9Y a-t-il un plan B ? Pas vraiment. C’est d’ailleurs un peu cela qui les fait tenir : c’est la peur du vide. Imaginons un instant qu’Elio Di Rupo échoue, que se passe-t-il ? Le Roi reprend ses consultations et finit par désigner un nouveau chercheur, démineur, explorateur... Un Flamand, sans doute. Bart De Wever ? Il suivrait alors une tout autre logique en partant, lui, des entités fédérées plutôt que de l’Etat fédéral. Ce serait sans doute tout aussi ardu. Qui d’autre ? Au CD&V ? Tous usés ou partis ailleurs. Au SP.A ? Johan Vande Lanotte a dit qu’il ne fallait pas compter sur lui. De plus, entre la N-VA et le SP.A, c’est la mésentente totale. D’autant que se profile en 2012 une terrible bataille pour le maïorat d’Anvers, occupé par le SP.A (Patrick Janssens) et brigué par Bart De Wever. Et même si l’on choisit un autre pré- ou post-formateur, il y aura toujours, autour de la table, les mêmes francophones et les mêmes Flamands, chacun avec les mêmes exigences et les mêmes tabous. Donc, Elio Di Rupo et Bart De Wever sont condamnés à s’entendre.
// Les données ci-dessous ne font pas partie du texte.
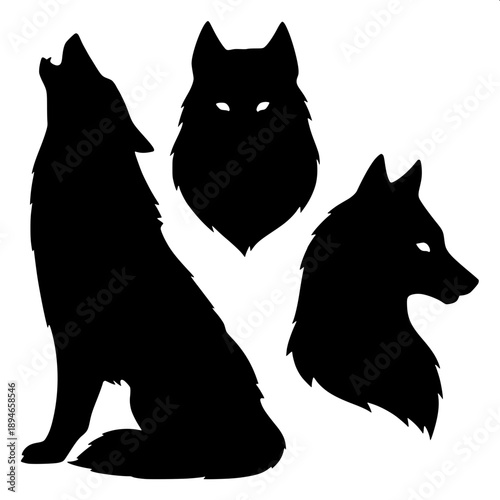 Wild wolf silhouette, standing on mountain rock, howling, flat graphic design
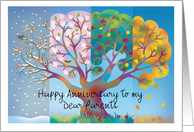 Happy Anniversary To Parents Tree in Four Seasons card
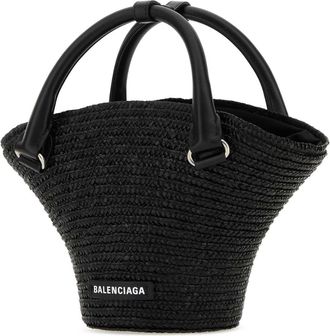 Balenciaga Womens Woven Straw Bucket Bag Black Cotton Polyester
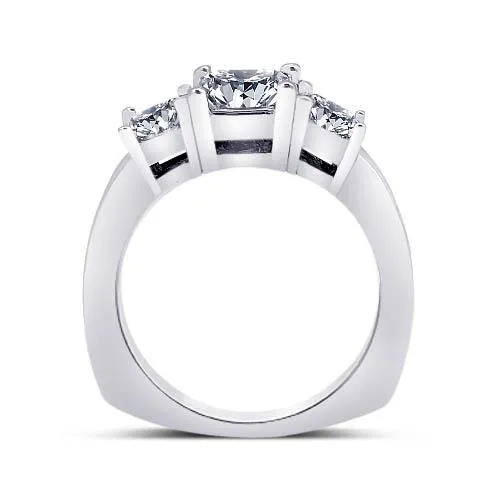 Rings 211 Carat Princess Natural Earth Mined Diamond Wedding Engagement Ring 3 Stone Jewelry GB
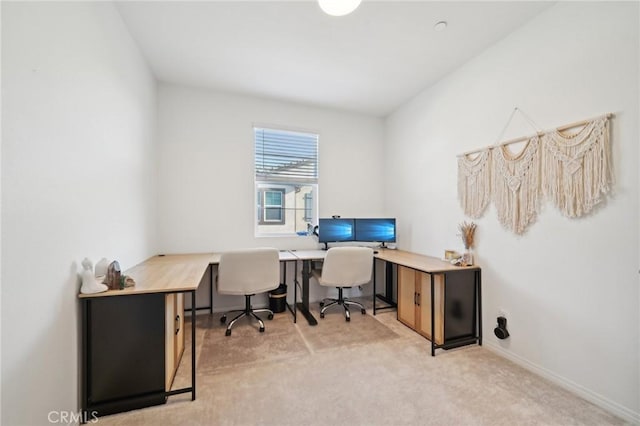 view of carpeted home office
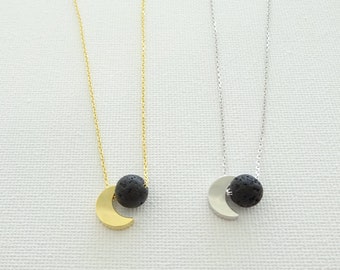 Moon + Lava Aromatherapy Essential Oil Diffuser Necklace, Oil Diffuser Necklace, Aromatherapy jewelry, moon necklace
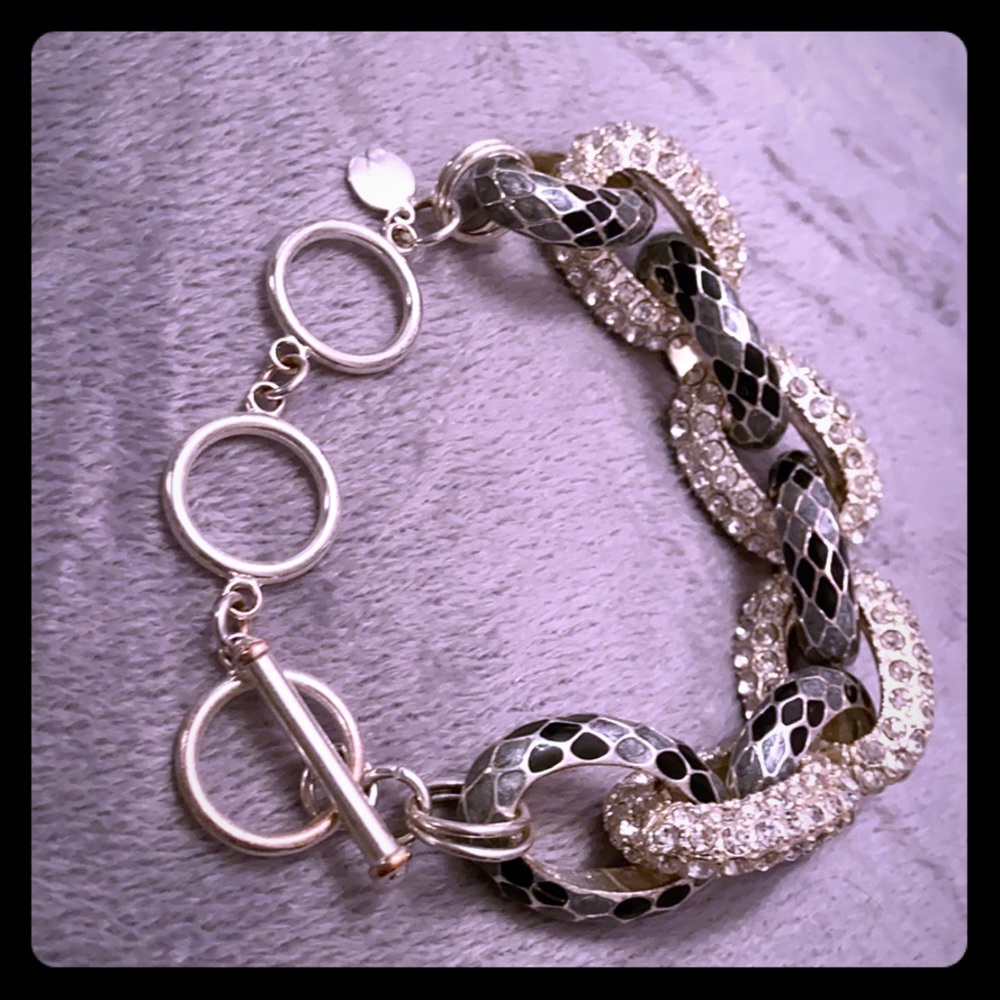 Silver, black and rhinestone bracelet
10Et si après des mois et des mois, il n’y a toujours rien...
Si la crise s’éternise, si personne ne parvient à trouver un accord, si tout est bloqué... Dans ce cas-là, on sera peut-être contraint - même si ce scénario, la population le rejette massivement - à négocier une tout autre Belgique. Mais bon, pas de panique, on n’en est pas là. Et restons optimistes.